Provided data START

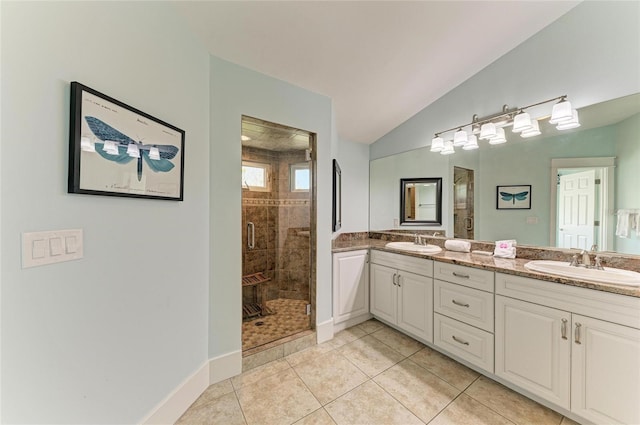 bathroom with lofted ceiling, a stall shower, a sink, and tile patterned floors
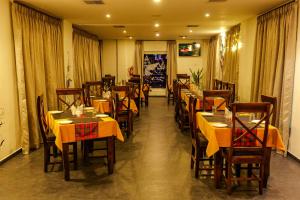 un restaurante con mesas y sillas con mantel amarillo en Hotel Narendra Central, en Mūvattupula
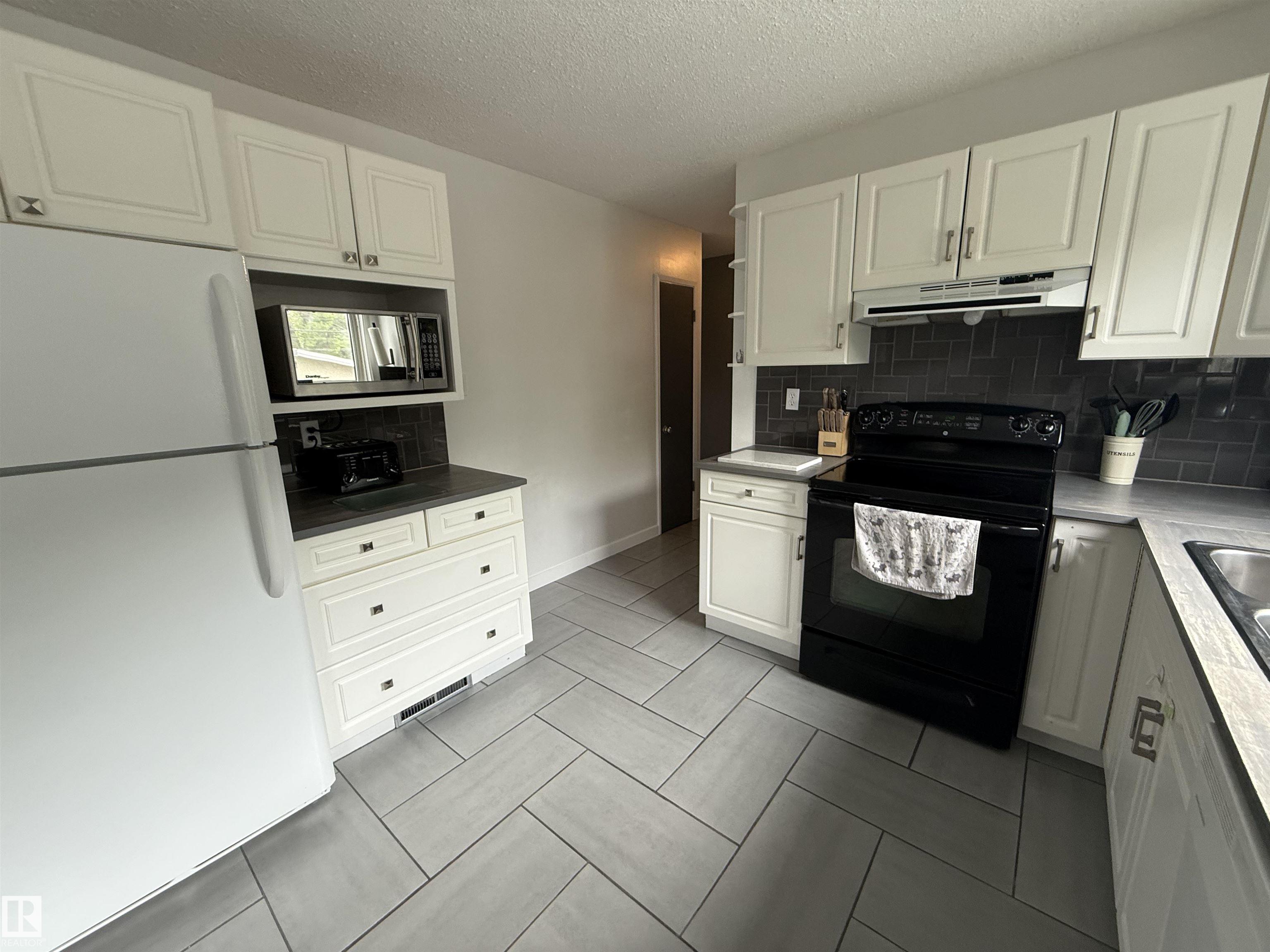 Photo 2 at 40 Garden Crescent, Grandin, St. Albert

Provided data END

Aim of the task:
Could you copy the lines above exactly and skip the images?

Finished exercise:
 bathroom with lofted ceiling, a stall shower, a sink, and tile patterned floors
 un restaurante con mesas y sillas con mantel amarillo en Hotel Narendra Central, en Mūvattupula
 Photo 2 at 40 Garden Crescent, Grandin, St. Albert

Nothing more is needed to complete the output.